The Momentum Fallacy

Newton’s first law of motion states that an object either remains at rest or continues to move at a constant velocity, unless acted upon by a force. This law is applicable to organizations as well and is called the momentum fallacy.

Quitting an organizational habit—such as fixed meeting schedules or rigid reporting structures—is a deliberate and conscious activity that doesn’t come naturally . Once an object or activity is in motion, it takes a lot of effort to stop it.

We see examples of the momentum fallacy everywhere. Take for example the Mini car. When the Mini was developed in the 1950s, an important design consideration was low cost. Thus, to paint the car, the chassis would be held in the air by a pole that protruded from the back to the front of the car. This pole caused a hole in the middle of the dashboard. The design engineers were classical pragmatists and decided to use this hole to fit the instrument cluster. Thus, the iconic design feature of having an instrument cluster, not in front of the driver, but in between the driver and passenger, was born. 
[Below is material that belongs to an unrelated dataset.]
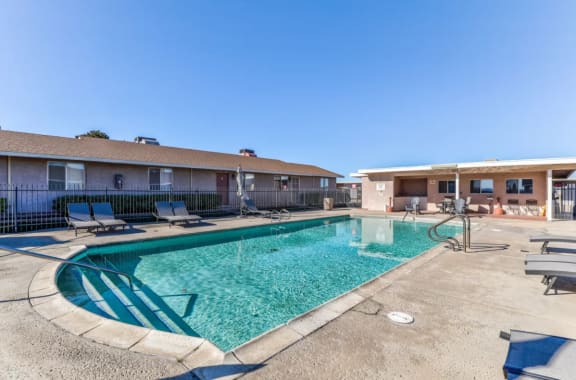 our apartments have a resort style pool with lounge chairs at Aspire Seneca, Victorville, California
Though this setup was arguably inferior to an instrument cluster placed in front of the driver, it has been enthusiastically copied in many other modern automobiles, despite the fact that current technologies have rendered the pole-painting technique obsolete. This example shows that behaviors and activities will last until long after the reason for having them to begin with has disappeared. 

Killing legacy activities is hard: This is why challenging assumptions is such an important activity for any organization.